[RFC PATCH v2 5/9] mm, pgtable: Add a refcount to PTE table

From: Chih-En Lin
Date: Tue Sep 27 2022 - 12:28:53 EST


Reuse the _refcount in struct page for the page table to maintain the
number of process references to COWed PTE table.
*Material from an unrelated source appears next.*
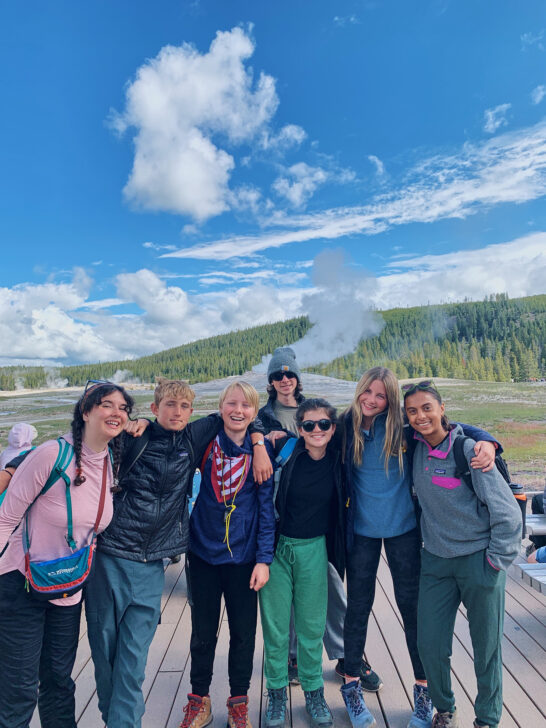 Group of students infront of geysers in Yellowstone National Park.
Before decreasing the
refcount, it will check whether refcount is one or not for reusing
shared PTE table.

Signed-off-by: Chih-En Lin <shiyn.lin@xxxxxxxxx>
---
include/linux/mm.h | 1 +
include/linux/pgtable.h | 28 ++++++++++++++++++++++++++++
mm/memory.c | 1 +
3 files changed, 30 insertions(+)

diff --git a/include/linux/mm.h b/include/linux/mm.h
index 965523dcca3b8..bfe6a8c7ab9ed 100644
--- a/include/linux/mm.h
+++ b/include/linux/mm.h
@@ -2290,6 +2290,7 @@ static inline bool pgtable_pte_page_ctor(struct page *page)
__SetPageTable(page);
inc_lruvec_page_state(page, NR_PAGETABLE);
page->cow_pte_owner = NULL;
+ set_page_count(page, 1);
return true;
}

diff --git a/include/linux/pgtable.h b/include/linux/pgtable.h
index 25c1e5c42fdf3..8b497d7d800ed 100644
--- a/include/linux/pgtable.h
+++ b/include/linux/pgtable.h
@@ -9,6 +9,7 @@
#ifdef CONFIG_MMU

#include <linux/mm_types.h>
+#include <linux/page_ref.h>
#include <linux/bug.h>
#include <linux/errno.h>
#include <asm-generic/pgtable_uffd.h>
@@ -628,6 +629,33 @@ static inline bool cow_pte_owner_is_same(pmd_t *pmd, pmd_t *owner)
return smp_load_acquire(&pmd_page(*pmd)->cow_pte_owner) == owner;
}

+static inline int pmd_get_pte(pmd_t *pmd)
+{
+ return page_ref_inc_return(pmd_page(*pmd));
+}
+
+/*
+ * If the COW PTE refcount is 1, instead of decreasing the counter,
+ * clear write protection of the corresponding PMD entry and reset
+ * the COW PTE owner to reuse the table.
+ * But if the reuse parameter is false, do not thing. This help us
+ * to handle the situation that PTE table we already handled.
+ */
+static inline int pmd_put_pte(struct vm_area_struct *vma, pmd_t *pmd,
+ unsigned long addr, bool reuse)
+{
+ if (!page_ref_add_unless(pmd_page(*pmd), -1, 1) && reuse) {
+ cow_pte_fallback(vma, pmd, addr);
+ return 1;
+ }
+ return 0;
+}
+
+static inline int cow_pte_count(pmd_t *pmd)
+{
+ return page_count(pmd_page(*pmd));
+}
+
#ifndef pte_access_permitted
#define pte_access_permitted(pte, write) \
(pte_present(pte) && (!(write) || pte_write(pte)))
diff --git a/mm/memory.c b/mm/memory.c
index d29f84801f3cd..3e66e229f4169 100644
--- a/mm/memory.c
+++ b/mm/memory.c
@@ -2875,6 +2875,7 @@ void cow_pte_fallback(struct vm_area_struct *vma, pmd_t *pmd,
pmd_t new;

VM_WARN_ON(pmd_write(*pmd));
+ VM_WARN_ON(cow_pte_count(pmd) != 1);

start = addr & PMD_MASK;
end = (addr + PMD_SIZE) & PMD_MASK;
--
2.37.3